Una curiosità finale: ma come è nata la combinazione pizza e birra? È nata negli anni ’50, quando per le pizzerie vigeva ancora la norma che non potevano servire bevande alcoliche superiori agli 8 gradi, poi la freschezza della bevanda, la sensazione, falsa, di facilitare la digestione per un ipotetico potere sgrassante, ha contribuito a fare diventare questo abbinamento una cena tipica del sabato sera.

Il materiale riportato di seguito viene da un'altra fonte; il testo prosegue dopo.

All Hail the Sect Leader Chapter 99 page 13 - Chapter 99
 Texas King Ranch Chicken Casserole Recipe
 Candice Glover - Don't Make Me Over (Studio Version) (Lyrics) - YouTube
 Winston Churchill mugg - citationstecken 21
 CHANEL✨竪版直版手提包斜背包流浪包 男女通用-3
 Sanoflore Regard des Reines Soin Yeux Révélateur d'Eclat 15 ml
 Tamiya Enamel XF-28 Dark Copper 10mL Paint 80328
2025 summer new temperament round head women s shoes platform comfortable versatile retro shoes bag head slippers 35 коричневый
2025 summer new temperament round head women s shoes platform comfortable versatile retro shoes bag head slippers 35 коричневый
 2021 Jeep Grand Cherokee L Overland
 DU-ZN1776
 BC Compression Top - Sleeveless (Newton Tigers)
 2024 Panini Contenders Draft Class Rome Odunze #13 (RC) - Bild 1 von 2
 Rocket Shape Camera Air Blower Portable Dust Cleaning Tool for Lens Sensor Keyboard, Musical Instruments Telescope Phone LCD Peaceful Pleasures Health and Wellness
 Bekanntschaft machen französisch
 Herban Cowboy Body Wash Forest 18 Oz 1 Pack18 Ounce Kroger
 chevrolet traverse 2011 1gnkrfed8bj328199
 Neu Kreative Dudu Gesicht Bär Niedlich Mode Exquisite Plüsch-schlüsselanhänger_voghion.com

La pizza, come tutto ciò che richiede un tempo di lievitazione, è uno degli alimenti che “soffre” le condizioni atmosferiche, in particolare il tasso di umidità e la temperatura. sui grandi quantitativa l’umidità relativa dell’aria è quasi ininfluente, ma sulle pizze fatte a casa può influire: il “panetto” che avete formato se non opportunamente coperto, in una giornata secca, potrebbe fare evaporare parte dell’acqua contenuta nell’impasto, formare una pellicola sulla superficie dell’impasto e alla cottura risulterà più secca e meno soffice. maggiore è invece l’influenza della temperatura dell’aria nel processo di lievitazione, anche se le soluzioni tecnologiche per ovviare al problema oggi non mancano. L’alta temperatura esterna, infatti, influenza significativamente la lavorazione dei prodotti da forno nel periodo estivo e, di conseguenza, il risultato finale. questo perchè nell’impasto sono presenti dei microrganismi viventi( lieviti e batteri lattici) che sono sensibili alle temperature. Ad esempio, l’attività dei lieviti resta nulla o molto bassa fino ai 4° C, mentre è molto alta tra i 35° e i 42° C. La temperatura di metabolismo ottimale per i batteri lattici è invece di 30-35° C se mesofili, o 35-54° C se termofili. oltre a ciò bisogna considerare anche il grado di idratazione dell’impasto: Negli impasti di consistenza morbida è di 25-26° C, in quelli molli è leggermente maggiore 27-28° C, mentre per gli impasti asciutti è di 23-24° C. In media deve essere intorno ai 25-28° C.